## Assignment:
Somewhere below, one line contains "L100 Compact Camera" and a later line contains "A close up of". Output those two lines and everything between them exactly, and nothing else.

## Supplied records:
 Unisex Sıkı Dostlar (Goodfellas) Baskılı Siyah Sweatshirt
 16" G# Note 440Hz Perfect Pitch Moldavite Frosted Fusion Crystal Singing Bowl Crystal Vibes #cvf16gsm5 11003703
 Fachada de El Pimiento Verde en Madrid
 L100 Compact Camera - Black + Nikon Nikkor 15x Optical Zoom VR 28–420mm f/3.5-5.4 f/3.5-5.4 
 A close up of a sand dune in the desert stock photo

* * *

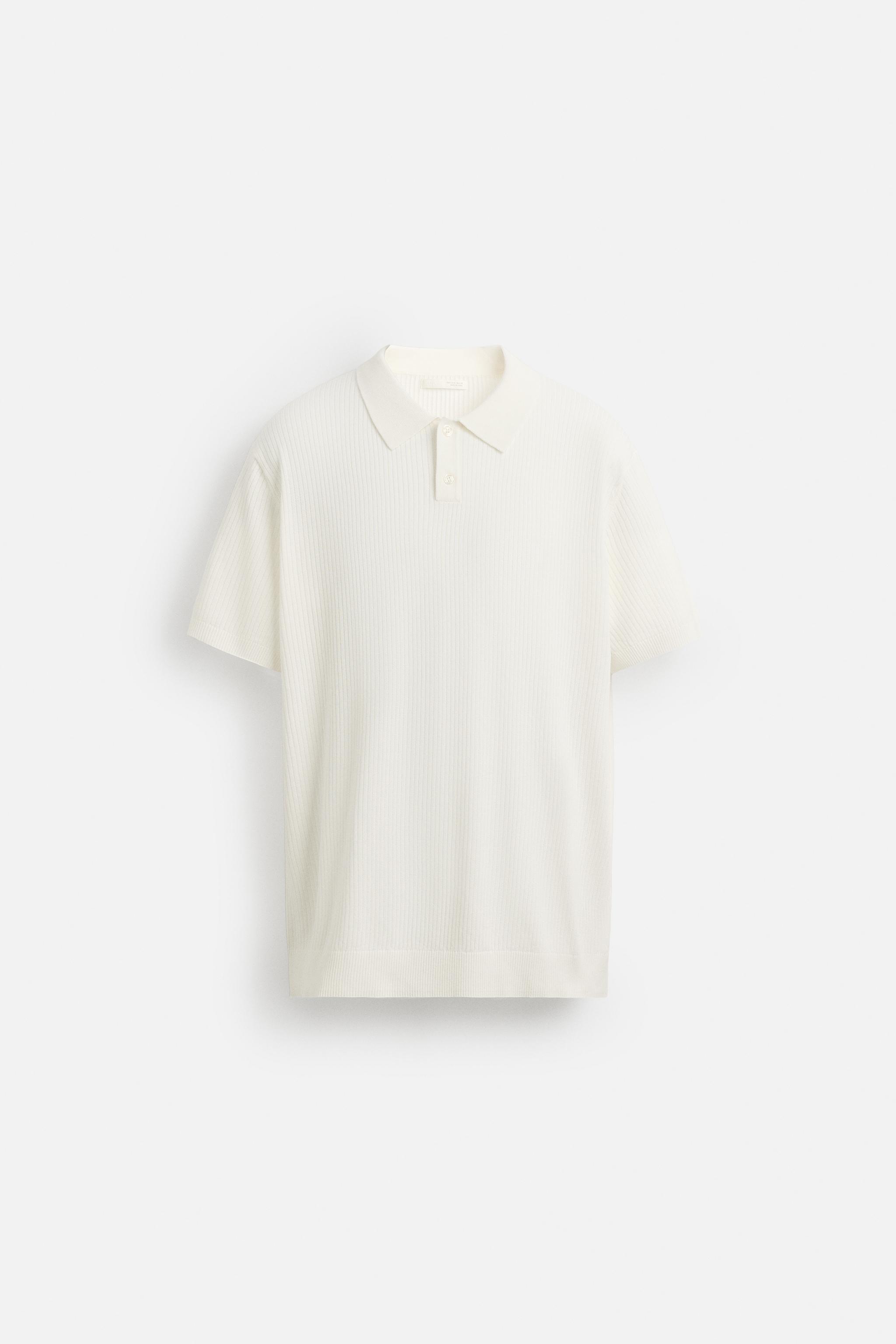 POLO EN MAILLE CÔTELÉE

## Task output:
 L100 Compact Camera - Black + Nikon Nikkor 15x Optical Zoom VR 28–420mm f/3.5-5.4 f/3.5-5.4 
 A close up of a sand dune in the desert stock photo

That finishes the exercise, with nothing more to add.